(Extracted records)
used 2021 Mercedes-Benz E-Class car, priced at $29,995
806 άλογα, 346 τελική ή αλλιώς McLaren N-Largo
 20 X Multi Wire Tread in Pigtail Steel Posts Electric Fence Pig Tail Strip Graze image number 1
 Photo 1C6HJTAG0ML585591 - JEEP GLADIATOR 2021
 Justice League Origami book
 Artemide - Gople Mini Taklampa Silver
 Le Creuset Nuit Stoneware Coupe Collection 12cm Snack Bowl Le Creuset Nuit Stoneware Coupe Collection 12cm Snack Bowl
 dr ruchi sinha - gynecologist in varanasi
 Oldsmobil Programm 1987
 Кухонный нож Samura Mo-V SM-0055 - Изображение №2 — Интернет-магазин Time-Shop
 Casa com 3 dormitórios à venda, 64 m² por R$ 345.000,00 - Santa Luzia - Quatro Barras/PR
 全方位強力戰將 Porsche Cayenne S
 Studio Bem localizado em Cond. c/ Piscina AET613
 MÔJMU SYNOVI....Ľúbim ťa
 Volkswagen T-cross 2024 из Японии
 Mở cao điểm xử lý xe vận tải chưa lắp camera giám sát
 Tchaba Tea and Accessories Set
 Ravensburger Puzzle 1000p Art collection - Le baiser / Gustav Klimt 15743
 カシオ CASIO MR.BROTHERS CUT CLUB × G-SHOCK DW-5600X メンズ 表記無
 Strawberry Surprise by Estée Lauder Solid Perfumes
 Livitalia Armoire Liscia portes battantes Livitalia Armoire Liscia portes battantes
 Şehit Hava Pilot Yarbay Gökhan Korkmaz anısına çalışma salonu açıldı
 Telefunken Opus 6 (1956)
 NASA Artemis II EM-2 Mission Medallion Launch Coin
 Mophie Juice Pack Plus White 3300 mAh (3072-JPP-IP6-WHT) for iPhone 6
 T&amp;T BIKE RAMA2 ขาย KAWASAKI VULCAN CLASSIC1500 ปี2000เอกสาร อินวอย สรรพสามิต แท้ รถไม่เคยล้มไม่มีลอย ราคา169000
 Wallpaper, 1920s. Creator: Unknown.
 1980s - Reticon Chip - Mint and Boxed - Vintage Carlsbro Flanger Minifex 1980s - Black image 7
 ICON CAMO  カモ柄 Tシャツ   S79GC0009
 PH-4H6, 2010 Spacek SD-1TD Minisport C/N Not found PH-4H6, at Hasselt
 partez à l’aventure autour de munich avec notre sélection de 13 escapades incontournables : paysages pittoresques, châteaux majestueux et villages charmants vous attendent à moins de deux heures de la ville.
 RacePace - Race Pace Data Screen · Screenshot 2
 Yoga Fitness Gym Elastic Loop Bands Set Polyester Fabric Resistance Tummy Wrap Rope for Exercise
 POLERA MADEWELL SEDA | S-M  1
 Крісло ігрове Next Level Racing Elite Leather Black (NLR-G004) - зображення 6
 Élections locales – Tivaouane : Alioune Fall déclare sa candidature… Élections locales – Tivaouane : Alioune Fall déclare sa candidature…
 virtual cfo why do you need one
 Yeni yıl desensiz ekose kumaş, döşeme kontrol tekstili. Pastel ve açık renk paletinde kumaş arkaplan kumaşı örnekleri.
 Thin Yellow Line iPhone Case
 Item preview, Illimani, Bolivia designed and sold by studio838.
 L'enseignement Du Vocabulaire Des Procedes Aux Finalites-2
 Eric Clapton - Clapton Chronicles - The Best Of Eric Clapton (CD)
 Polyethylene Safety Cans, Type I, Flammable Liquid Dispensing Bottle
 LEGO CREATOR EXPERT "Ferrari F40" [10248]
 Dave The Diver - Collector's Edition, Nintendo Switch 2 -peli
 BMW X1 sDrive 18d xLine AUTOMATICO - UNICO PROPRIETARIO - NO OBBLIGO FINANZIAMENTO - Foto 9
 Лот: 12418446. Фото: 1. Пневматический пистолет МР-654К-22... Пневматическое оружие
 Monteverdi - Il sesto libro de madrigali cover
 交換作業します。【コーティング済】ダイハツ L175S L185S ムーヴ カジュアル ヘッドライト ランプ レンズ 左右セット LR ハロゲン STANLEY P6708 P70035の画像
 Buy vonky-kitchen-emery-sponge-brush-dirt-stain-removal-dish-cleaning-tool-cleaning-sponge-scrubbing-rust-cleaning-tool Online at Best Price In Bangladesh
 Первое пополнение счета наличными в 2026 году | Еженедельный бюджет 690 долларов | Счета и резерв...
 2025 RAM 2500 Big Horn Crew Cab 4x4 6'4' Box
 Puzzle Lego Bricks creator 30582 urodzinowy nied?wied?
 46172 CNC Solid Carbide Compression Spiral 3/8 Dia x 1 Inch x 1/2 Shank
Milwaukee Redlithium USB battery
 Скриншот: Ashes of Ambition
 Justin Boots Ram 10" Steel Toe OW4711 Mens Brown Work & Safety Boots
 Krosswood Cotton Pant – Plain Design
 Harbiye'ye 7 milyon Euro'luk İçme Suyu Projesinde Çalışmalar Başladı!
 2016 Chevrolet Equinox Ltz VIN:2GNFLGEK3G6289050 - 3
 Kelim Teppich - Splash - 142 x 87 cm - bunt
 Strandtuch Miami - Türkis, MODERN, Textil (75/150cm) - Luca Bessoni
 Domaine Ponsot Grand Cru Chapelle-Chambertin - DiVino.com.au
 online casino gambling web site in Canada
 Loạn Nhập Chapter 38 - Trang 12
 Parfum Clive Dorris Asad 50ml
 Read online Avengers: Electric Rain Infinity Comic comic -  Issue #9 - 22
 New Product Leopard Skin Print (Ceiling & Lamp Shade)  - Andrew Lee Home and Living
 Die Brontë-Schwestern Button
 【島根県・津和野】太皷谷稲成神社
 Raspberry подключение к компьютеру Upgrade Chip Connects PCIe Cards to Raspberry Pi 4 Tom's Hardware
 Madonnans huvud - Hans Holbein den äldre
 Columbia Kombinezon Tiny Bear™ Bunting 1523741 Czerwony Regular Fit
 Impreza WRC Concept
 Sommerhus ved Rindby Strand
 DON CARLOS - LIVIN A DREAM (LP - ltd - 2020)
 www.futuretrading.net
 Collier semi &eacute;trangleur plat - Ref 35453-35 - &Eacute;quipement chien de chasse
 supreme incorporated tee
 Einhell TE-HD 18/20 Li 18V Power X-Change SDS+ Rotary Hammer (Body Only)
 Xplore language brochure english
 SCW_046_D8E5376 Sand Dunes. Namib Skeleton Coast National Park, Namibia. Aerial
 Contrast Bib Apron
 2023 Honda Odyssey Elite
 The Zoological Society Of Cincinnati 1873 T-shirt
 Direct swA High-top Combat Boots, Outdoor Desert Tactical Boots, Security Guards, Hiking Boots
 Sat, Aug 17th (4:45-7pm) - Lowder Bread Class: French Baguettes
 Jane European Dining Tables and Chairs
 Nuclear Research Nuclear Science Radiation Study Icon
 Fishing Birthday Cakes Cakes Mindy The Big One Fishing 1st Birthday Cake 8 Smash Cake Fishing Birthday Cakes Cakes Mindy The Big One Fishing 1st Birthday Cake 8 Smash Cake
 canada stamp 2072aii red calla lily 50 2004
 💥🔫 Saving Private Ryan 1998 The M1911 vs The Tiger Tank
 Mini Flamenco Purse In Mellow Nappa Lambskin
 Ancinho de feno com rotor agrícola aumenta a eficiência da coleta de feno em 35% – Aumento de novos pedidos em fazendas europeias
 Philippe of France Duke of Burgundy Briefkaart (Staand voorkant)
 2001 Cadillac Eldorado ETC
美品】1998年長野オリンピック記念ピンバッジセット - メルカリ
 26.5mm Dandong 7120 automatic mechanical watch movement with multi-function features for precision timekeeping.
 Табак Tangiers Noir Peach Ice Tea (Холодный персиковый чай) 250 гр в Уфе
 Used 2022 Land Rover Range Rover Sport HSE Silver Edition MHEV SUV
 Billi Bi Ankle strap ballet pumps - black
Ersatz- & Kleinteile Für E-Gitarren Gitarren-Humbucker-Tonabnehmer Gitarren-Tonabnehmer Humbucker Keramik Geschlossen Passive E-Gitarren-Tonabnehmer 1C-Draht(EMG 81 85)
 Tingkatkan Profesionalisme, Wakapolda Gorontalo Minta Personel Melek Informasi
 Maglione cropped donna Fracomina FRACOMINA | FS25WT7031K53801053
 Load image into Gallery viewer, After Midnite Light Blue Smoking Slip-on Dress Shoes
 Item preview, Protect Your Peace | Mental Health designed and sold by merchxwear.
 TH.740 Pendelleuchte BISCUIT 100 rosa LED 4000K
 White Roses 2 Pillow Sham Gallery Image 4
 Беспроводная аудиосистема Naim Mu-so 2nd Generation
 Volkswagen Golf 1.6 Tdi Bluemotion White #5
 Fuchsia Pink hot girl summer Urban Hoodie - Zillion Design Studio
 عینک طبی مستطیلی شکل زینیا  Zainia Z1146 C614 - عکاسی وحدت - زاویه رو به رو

* EXERCISE REQUIREMENTS *
Return, with no change at all, every line in the entries above from the line containing "online casino gambling web site in Canada" through the line containing "Madonnans huvud - Hans Holbein den äldre".

* OUTPUT *
 online casino gambling web site in Canada
 Loạn Nhập Chapter 38 - Trang 12
 Parfum Clive Dorris Asad 50ml
 Read online Avengers: Electric Rain Infinity Comic comic -  Issue #9 - 22
 New Product Leopard Skin Print (Ceiling & Lamp Shade)  - Andrew Lee Home and Living
 Die Brontë-Schwestern Button
 【島根県・津和野】太皷谷稲成神社
 Raspberry подключение к компьютеру Upgrade Chip Connects PCIe Cards to Raspberry Pi 4 Tom's Hardware
 Madonnans huvud - Hans Holbein den äldre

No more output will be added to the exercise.